Stars: Christian Bale, Casey Affleck, Woody Harrelson, Zoe Saldana, Forest Whitaker, Willem Dafole, Sam Shepard
Director: Scott Cooper
Out Of The Furnace is evidently trying to make a point about senseless violence. The senseless violence of war. The senseless violence that permeates the drug culture. The senseless violence of clandestine bare-knuckle boxing (the human equivalent of cockfighting). The senseless violence of shooting animals at close range for "sport." So as you might have guessed, there's a lot of senseless violence in this film, but the only point that gets made is that Americans continue to possess a disturbing and unrelenting blood lust for senseless violence in their films, TV shows, video games, and sports. (Soccer--another excuse to hold a riot!)
We're a bunch of sick puppies.
The most sympathetic character here is Russell Baze, (Christian Bale) a steel mill worker in a depressed area of Pennsylvania. More than the rest, you could say he's a victim of circumstance. He has a sweet thing going with his girlfriend (Zoe Saldana) until he gets convicted of vehicular manslaughter and sent off to prison. She drops him, but he will attempt a reconciliation when he gets out.
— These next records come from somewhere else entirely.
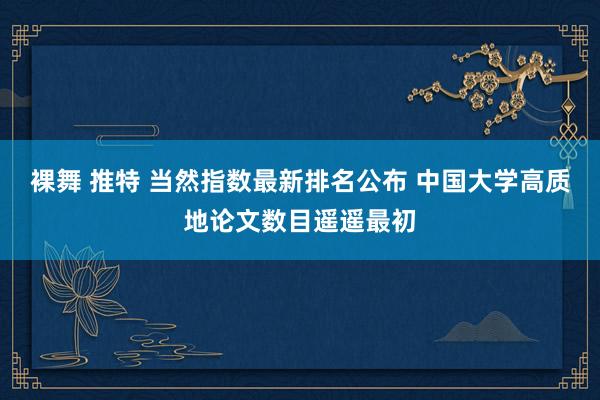 裸舞 推特 当然指数最新排名公布 中国大学高质地论文数目遥遥最初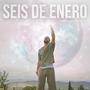 SEIS DE ENERO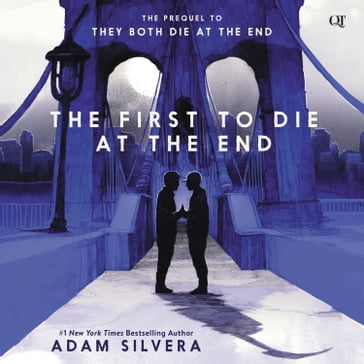 The First to Die at the End - Adam Silvera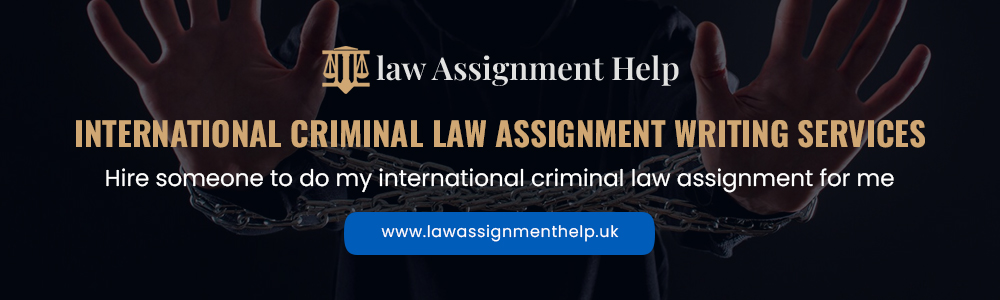 International Criminal Law Assignment Writing Services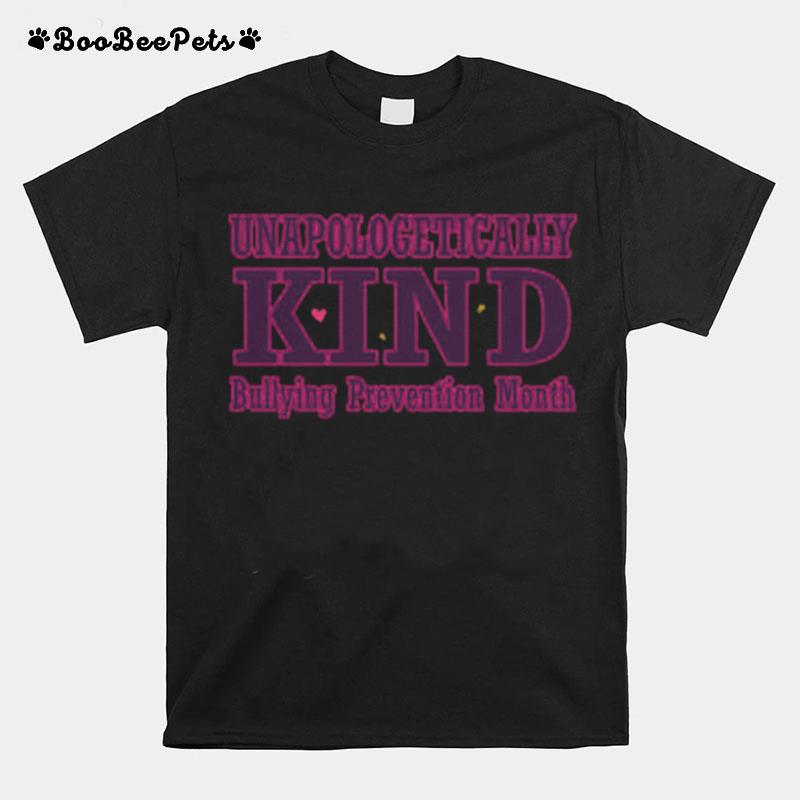 Unapologetically Kind Bullying Prevention Month T-Shirt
Russell has a loose cannon brother, Rodney, (Casey Affleck) who just returned from four tours of duty in Iraq. Russell tries to get Rodney to see the practical wisdom of working at the mill, but Rodney would rather get involved with a scumbag bookie (Willem Dafoe) who sets him up in the world of bare-knuckle boxing. His handler is a twisted sociopath named Harlan DeGroat, (Woody Harrelson) a local drug mogul whom you don't want to cross. If you owe money to DeGroat and don't ante up, you could be paying with your life. Rodney has stepped out of the furnace and into the fire, and there ain't no turnin' back.
Out Of The Furnace is an old-fashioned revenge tale, pure and simple, which skulks with a palpable sense of dread toward its inexorable climax, aided by yet another winning score from Dickon Hinchliffe (Winter's Bone, Project Nim, Last Chance Harvey).
Woody Harrelson and Casey Affleck turn in memorable performances--Affleck as the ticking time bomb, and Harrelson for the brooding evil he summons forth from the darkest regions of the human soul. Why Harrelson, who by all accounts is one of the good guys in real life, (environmentalist, vegan) continues to take on these kinds of lowlife roles is a curious and intriguing mystery to me--but he probably just wants to demonstrate his range.
Out Of The Furnace is superb for what it is, but it covers no new ground. In fact, it covers some very ancient ground. The eternal, relentless, and invariably futile barbarism of exacting an eye for an eye.